Tuesday, July 31, 2012

Dark Places Review



As any who has read this blog can attest to, I got sucked into Gillian Flynn’s dark and scary brain this summer, starting with Gone Girl and then moving onto Sharp Objects. So on a stormy day last week, I bought her third novel (actually her second published one), Dark Places. Like the other two books, Flynn’s main character is a deeply damaged young woman from the Midwest.

Dark Places is the story of thirty-something Libby Day, the sole survivor of her family’s murder. When she was seven years old, her older brother, Ben, supposedly massacred her mother and two sisters. She escaped out of a window and lost a couple toes and fingers in the process due to frostbite (the murders happened in February).

Libby grew up tormented and angry. Her brother was put in jail for life while she lived off of donations people sent her over the years. Twenty-four years after the murder, though, the money is drying up. She has never been able to hold a job in her life – she can barely get out of bed some mornings and suddenly she has to figure out how to support herself.

Enter the Kill Club. She is contacted by a young man named Lyle who belongs to a group fascinated by unsolved murders. Lyle is particularly interested in the Day murders and like many of the people involved in the group, does not believe that Ben committed the crimes. He offers Libby money to appear at a convention of the Kill Club where she meets other supporters of Ben. They spark a curiosity in her to investigate the murder further. After all, she was only seven when it happened and was clearly coached through her testimony that damned Ben.

No matter how damaged Libby is by the events on that February night, she can’t help but use the Kill Club’s resources to start questioning the mystery. She is paid to track down different people involved with the case and question them about that night. Little by little the story starts to emerge. Each present day Libby chapter is followed by a flashback of either Ben or Patty, Libby’s mom, as they go through the day of the murder from the early morning to the murders.

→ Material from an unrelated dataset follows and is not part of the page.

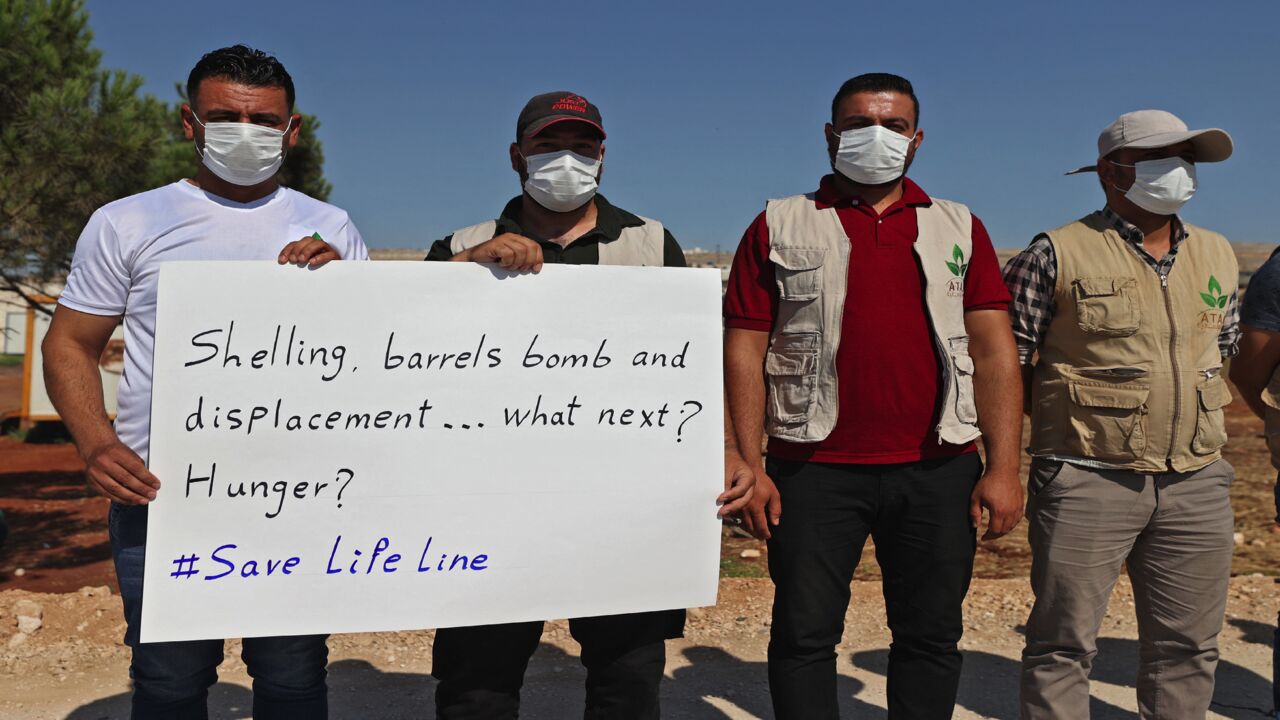 A human chain is formed by workers from the civil society, humanitarian aid, and medical and rescue services.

The tension simmers slowly but intensely throughout the book as the reader tries to piece together what happened. Libby may be as messed up as the characters in Flynn’s other two books, but she was certainly a unique character, damaged in her own way. The Kill Club’s money drives her to action and allows her to investigate the murders slowly.

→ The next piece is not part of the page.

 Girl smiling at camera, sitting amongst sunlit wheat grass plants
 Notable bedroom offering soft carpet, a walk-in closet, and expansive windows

Like Flynn’s other two books, I finished this feeling unsettled. Not because the ending wasn’t satisfactory but just because it was a pretty messed up story. I guessed most of the twists in the other books (even though Flynn really did keep me guessing most of the time) but this book kept me wondering what had happened that night until the very end. I suspected a piece of it but turns out there was so much more to the story than I ever would have figured out on my own.

I seriously hope Gillian Flynn goes ahead and writes her next book soon because now that I’m done with all three, I’m not sure who else writes really good thrillers like this. Any suggestions? I prefer standalone books to a long series featuring one character but I’d appreciate recommendations for other great thrillers! 

1 comment:

  1. I got pretty obsessed with a sample of "In the Woods" by Tana French-- three children go missing in the woods in the neighborhood. Only one is found, clinging to a tree, blood poured into his shoe. He has no memory of what happened. Then the boy grows up and becomes a cop, and has to solve a crime that took place in the very woods where he was found. There's a creepy, supernatural element to it that I find thrilling.